EXERCISE DATA
((
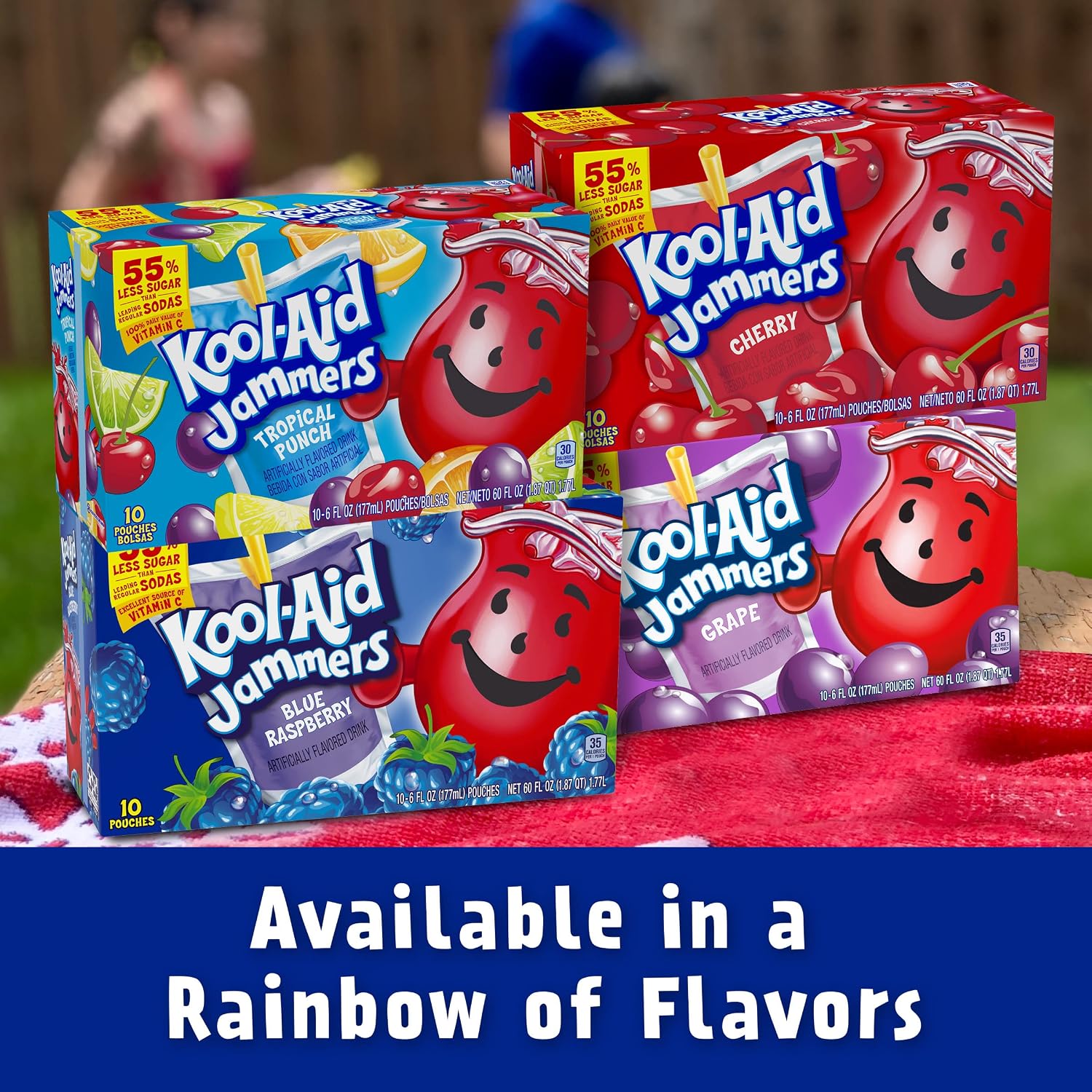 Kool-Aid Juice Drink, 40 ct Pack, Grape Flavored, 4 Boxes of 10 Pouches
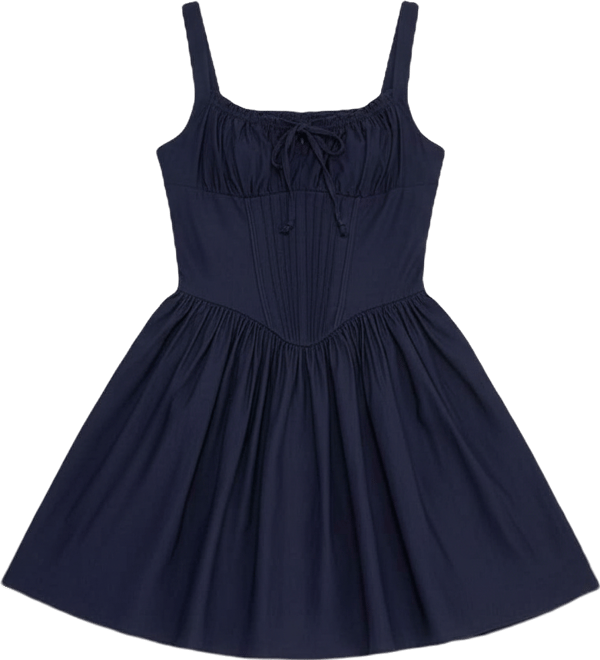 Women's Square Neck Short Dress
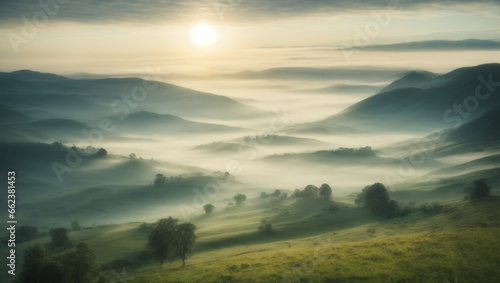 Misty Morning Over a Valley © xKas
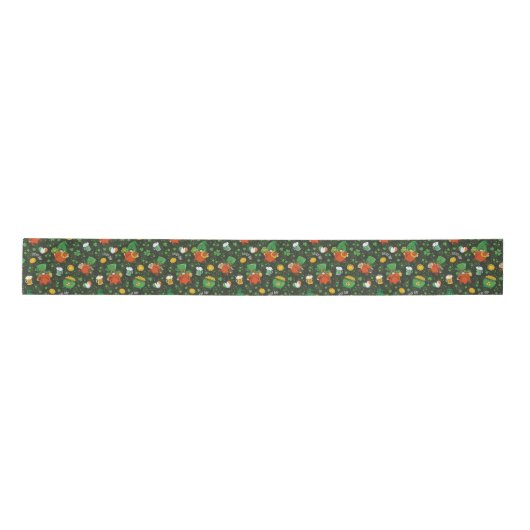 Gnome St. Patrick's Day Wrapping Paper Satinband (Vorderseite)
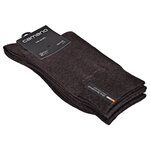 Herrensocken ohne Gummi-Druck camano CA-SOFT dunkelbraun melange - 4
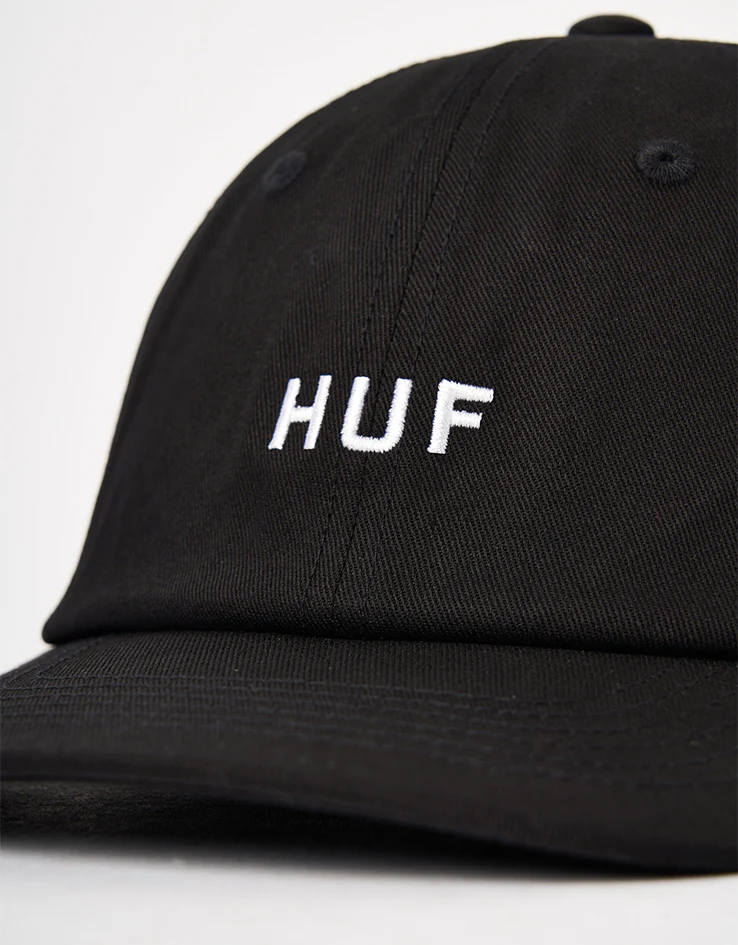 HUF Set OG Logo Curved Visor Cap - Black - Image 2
))
((
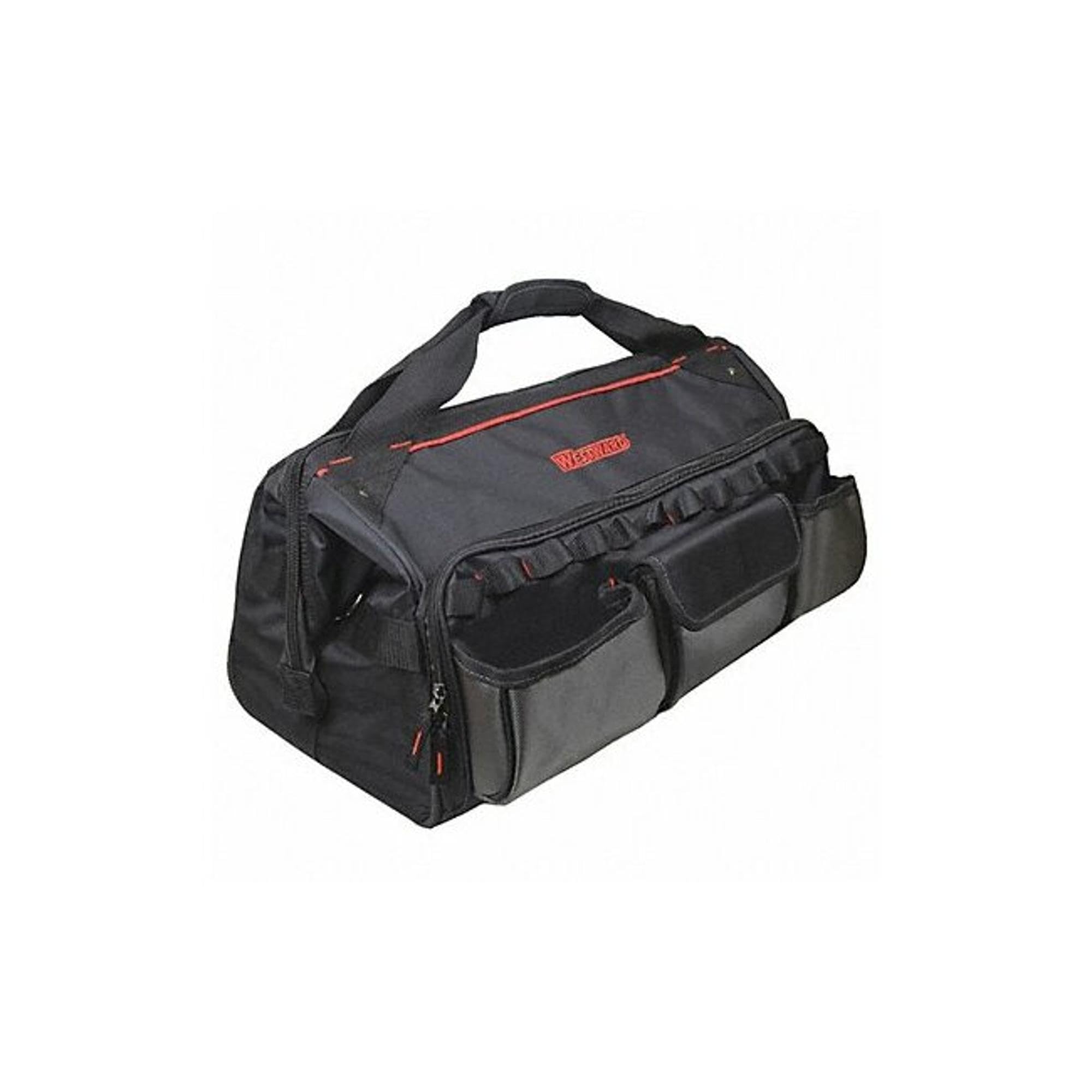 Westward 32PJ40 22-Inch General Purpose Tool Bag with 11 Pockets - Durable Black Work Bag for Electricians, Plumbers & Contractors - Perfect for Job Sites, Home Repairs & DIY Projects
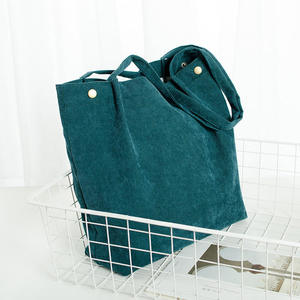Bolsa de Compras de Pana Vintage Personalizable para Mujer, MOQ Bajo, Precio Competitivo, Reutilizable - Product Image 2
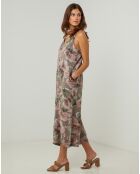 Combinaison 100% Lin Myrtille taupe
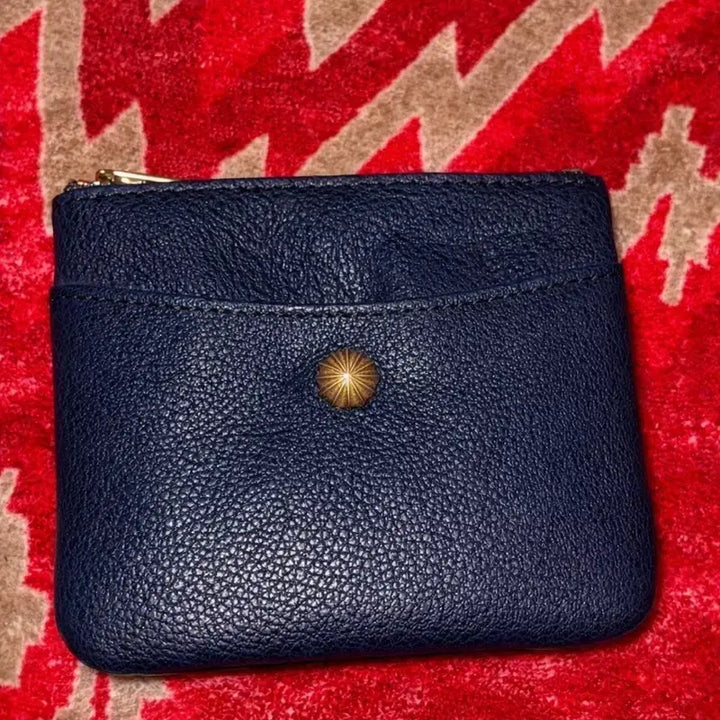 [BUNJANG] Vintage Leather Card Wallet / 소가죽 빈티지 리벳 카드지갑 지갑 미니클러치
))
WHAT YOU HAVE TO DO
When you reach the line with "Kool-Aid Juice Drink, 40" in the records above, begin repeating the lines exactly, and stop after the line with "HUF Set OG Logo". Skip all pictures.

PROBLEM SOLUTION
 Kool-Aid Juice Drink, 40 ct Pack, Grape Flavored, 4 Boxes of 10 Pouches
 Women's Square Neck Short Dress
 Misty Morning Over a Valley © xKas
 Gnome St. Patrick's Day Wrapping Paper Satinband (Vorderseite)
 Herrensocken ohne Gummi-Druck camano CA-SOFT dunkelbraun melange - 4
 HUF Set OG Logo Curved Visor Cap - Black - Image 2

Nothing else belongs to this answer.